By Robin Stephenson and Alyssa Casey

Poverty is not easy. For food-insecure families, especially those experiencing a food emergency, getting access to nutritious food at the nearest food bank or pantry can be difficult.

Food banks are on the front lines of hunger every day. The tragedy is never more acute than seeing a child who has gone without.

Eric Cooper can’t forget.

Cooper is president and CEO of the San Antonio Food Bank in Texas. This week, he testified before the House Agriculture’s Nutrition subcommittee hearing on incentive programs aimed at increasing low-income families’ purchasing power of fruits and vegetables.

“I’m reminded of a woman that received a watermelon,” Cooper told committee members. Watermelons are grown in the food bank’s Winter Garden program. Cooper was surprised when the client’s children were offered the watermelon and did not seem to like it. He asked their mother why. 
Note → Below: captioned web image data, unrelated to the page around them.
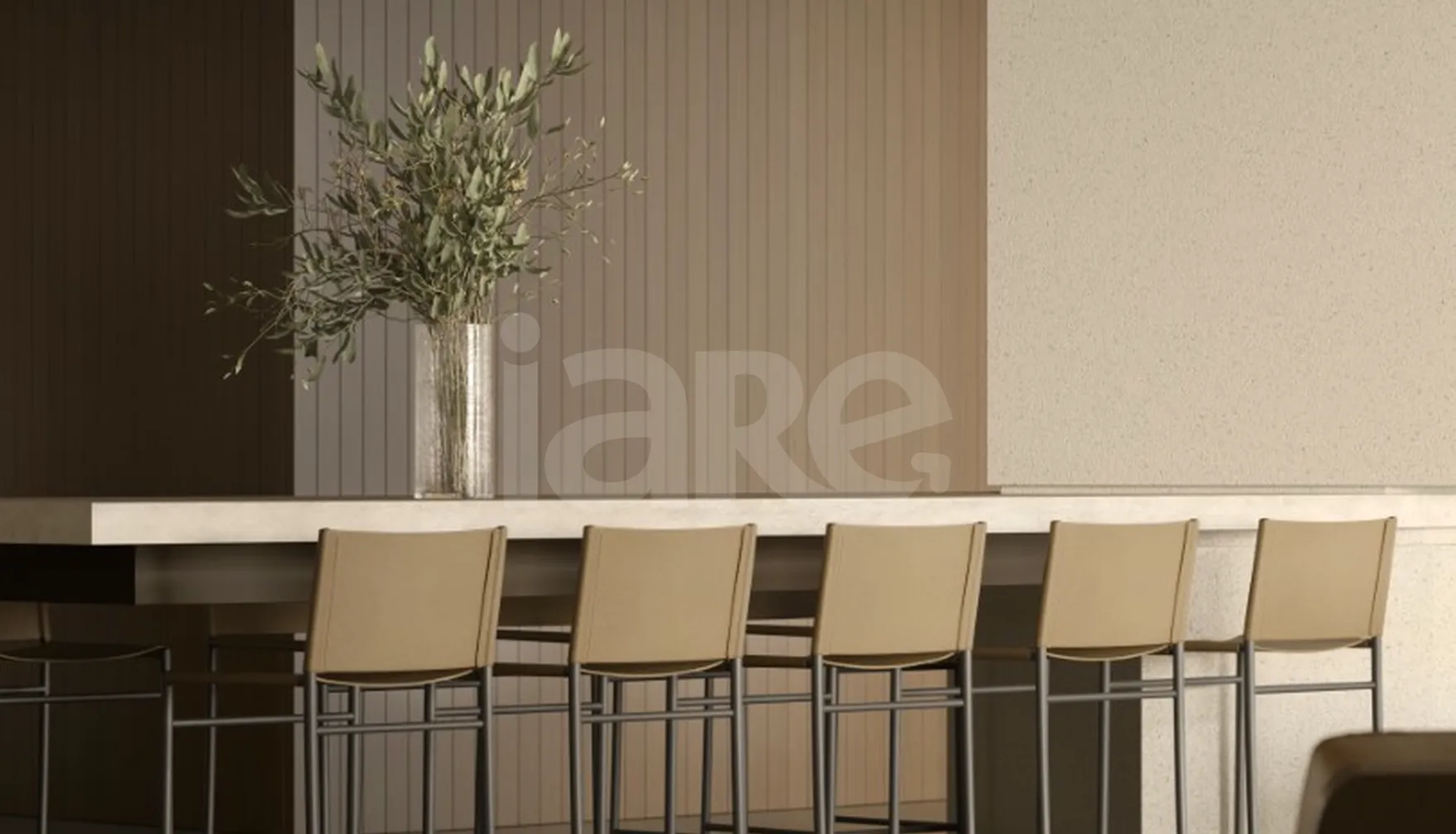 Galeria Jardim - Apartamento com 154,62 m², em Mont Serrat — foto 8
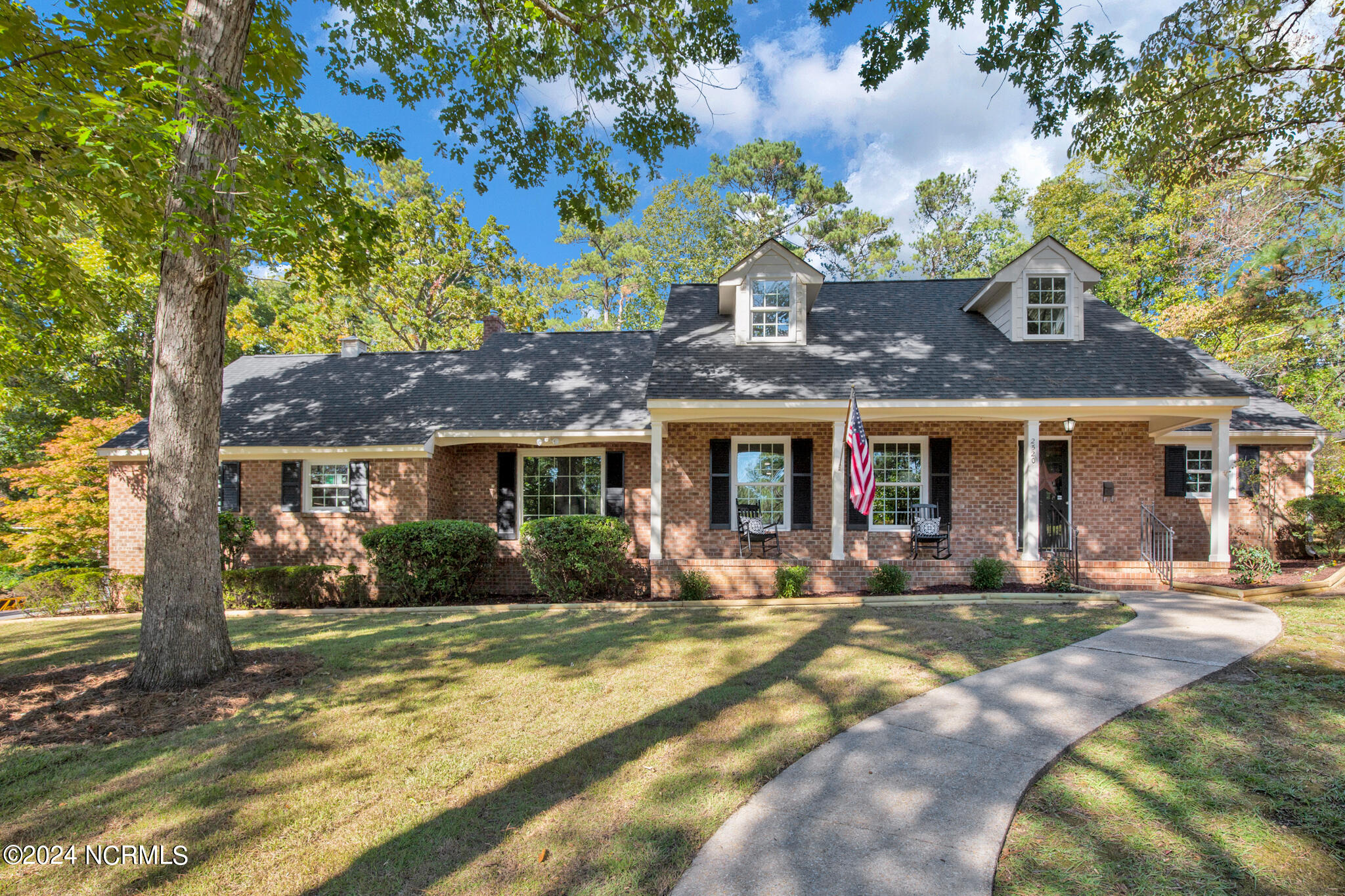2520 Lockwood Road Property Photo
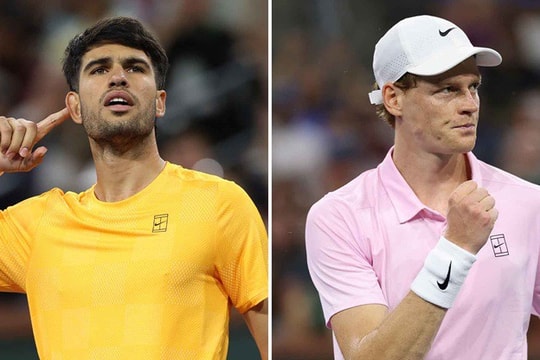 Chuyên gia tennis tranh luận về Alcaraz - Sinner, Kyrgios xác nhận ngày tái xuất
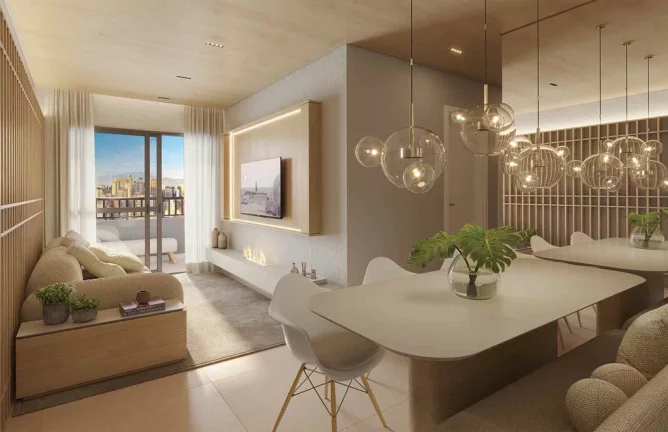 Imagem APARTAMENTO RESIDENCIAL em Osasco - SP, Centro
“They’ve never had it,” Cooper recalls her saying. Lacking a car, she used the bus to do her grocery shopping and a watermelon would be too heavy to carry. Cooper said she told him, “A gallon of milk weighs 8 pounds and it seems impossible to bring one of those home.”

Cooper pointed out the irony of food-insecure families that live in farming regions rich with fresh produce but who can’t obtain a variety of nutritious food. For example, rural Zavala County, Texas, is called the spinach capital of the world, yet it has one of the highest rates of hunger in the U.S. Nearly half the children in the county, 45 percent, live below the poverty line.

Good nutrition is critical to a child’s development. The 2016 Hunger Report: The Nourishing Effect notes that malnutrition has social costs too, including a less productive economy and exorbitant healthcare costs that affect everyone’s standard of living. 

For many children from hungry families, the bulk of their nutrition often comes from school meals. Congress has the opportunity right now to strengthen nutrition access for children during the school year and the summer months and should do so quickly.

However, neither school meals nor food banks can alleviate hunger alone. The SNAP (formerly food stamps) program also helps provide needed nutrition.

Ranking member on the subcommittee Jim McGovern (D-Mass.-2) asked if cuts to SNAP – which have been proposed by Congress multiple times in recent years – would have an impact. Cooper made it clear that food banks could not fill the gap.  “A minor cut in SNAP,” he said, “would set us back, and we would not be able to recover.”

Subcommittee Chairwoman Jackie Walorski (R-Ind.-2) observed that ending hunger, poverty, and obesity requires “a 360-degree approach.”

She’s right. We need to ensure government programs help families like the one Eric Cooper encountered not just access food, but access nutritious foods in the communities in which they live. Smart, inclusive policies can lighten the load on a family’s journey out of hunger.

Robin Stephenson is the national lead for social media and senior regional organizer, and Alyssa Casey is the interim domestic policy analyst at Bread for the World.